Radio Times With Marty Moss-Coane
- Genre: Interview
- Running time: ca. 100 min.
- Country of origin: United States
- Language(s): English
- Home station: WHYY
- Syndicates: NPR, WHYY
- Hosted by: Marty Moss-Coane
- Recording studio: Philadelphia, PA
- Website: whyy.org/radiotimes

= Radio Times with Marty Moss-Coane =

American radio talk show

Radio Times with Marty Moss-Coane was an hour-long radio talk show hosted by Marty Moss-Coane, broadcast on WHYY five days a week. The show was produced in Philadelphia and featured local Philadelphia politicians, academics and artists, including guests such as Governor Ed Rendell, as well as national and international figures of interest, like Nobel Prize winner Muhammad Yunus.

The show was broadcast live weekdays at 10:00AM EST, rebroadcast at 11:00PM EST and the show occasionally hosted TV specials with notable guests on WHYY TV. Philadelphia Magazine called Radio Times the "Best Radio Program in Philadelphia." The show and its host have been acknowledged as one of WHYY Radio's strongest assets.

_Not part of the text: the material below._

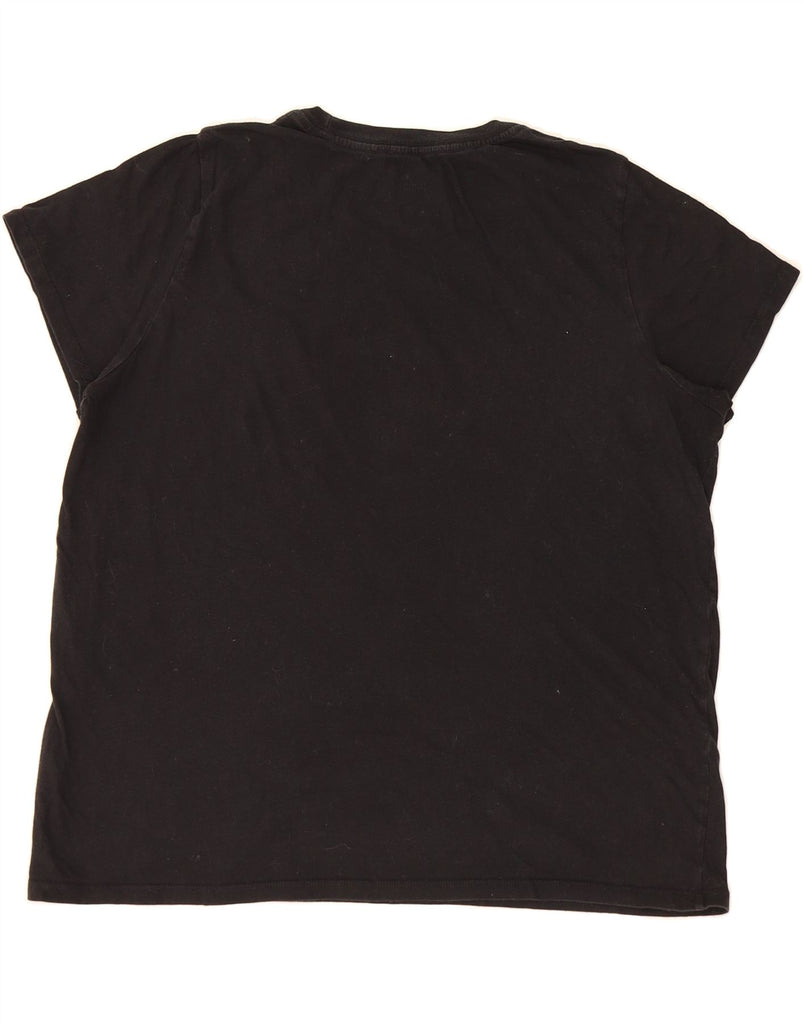 PUMA Womens Graphic T-Shirt Top UK 18 XL Black Cotton Vintage Puma and Second-Hand Puma from Messina Hembry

Radio Times was primarily a radio call in show divided between caller participation and hosted interview and discussion. During a normal show, Marty Moss-Coane typically interviewed guests and then invited callers to ask questions and make comments on the air.

Radio Times theme music was "Can't Run But" by Paul Simon off his 1990 album The Rhythm of the Saints.

In February 2017, Radio Times was cut to a one-hour format. The program previously was two hours in length with segments divided between Moss-Coane and another host.

The program's final show aired on November 18, 2022.